## What you need to do
Among the entries below, retype exactly the lines starting with the one with "Hand separating window" and going on through the one with "A moving truck", but not the pictures.

## Input material
□ □ □ □
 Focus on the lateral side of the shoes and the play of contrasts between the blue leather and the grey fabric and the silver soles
□ □ □ □
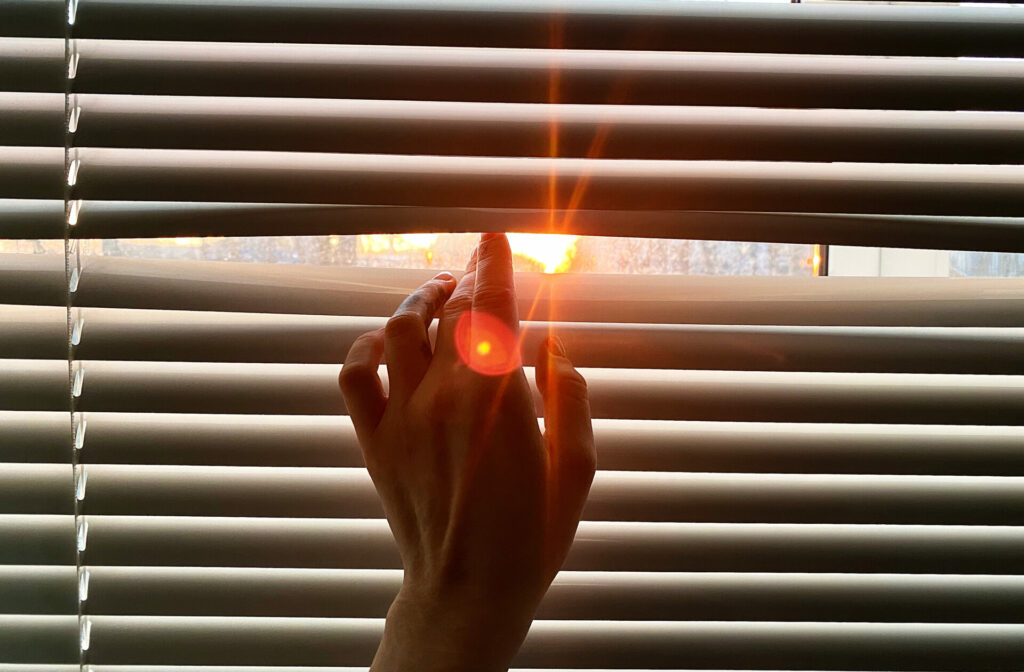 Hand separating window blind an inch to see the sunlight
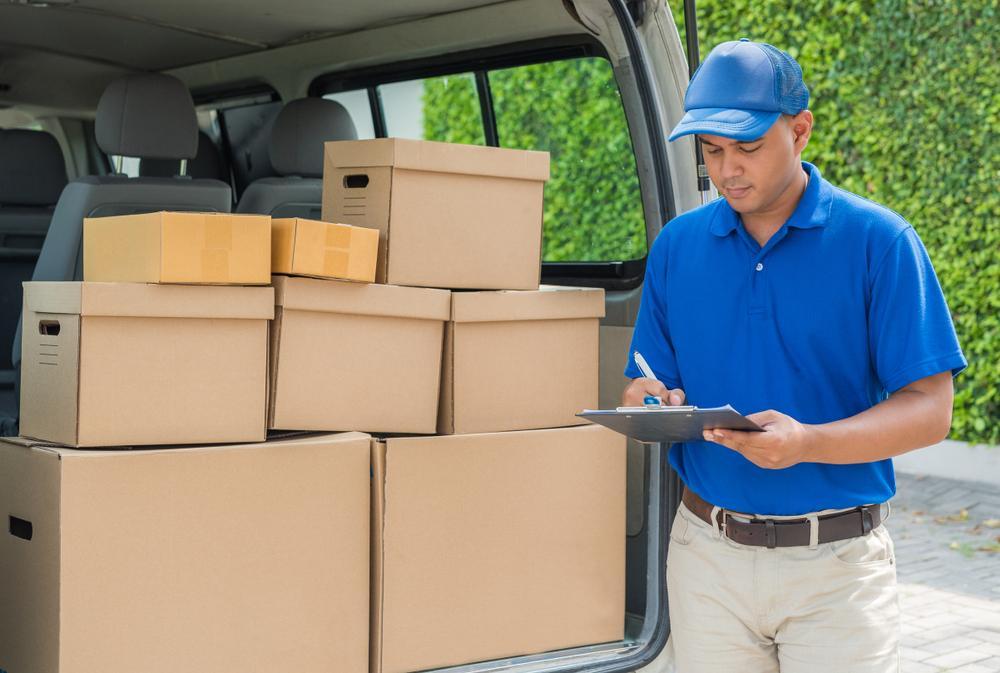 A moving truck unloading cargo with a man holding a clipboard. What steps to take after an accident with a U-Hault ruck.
□ □ □ □
## Answer space
 Hand separating window blind an inch to see the sunlight
 A moving truck unloading cargo with a man holding a clipboard. What steps to take after an accident with a U-Hault ruck.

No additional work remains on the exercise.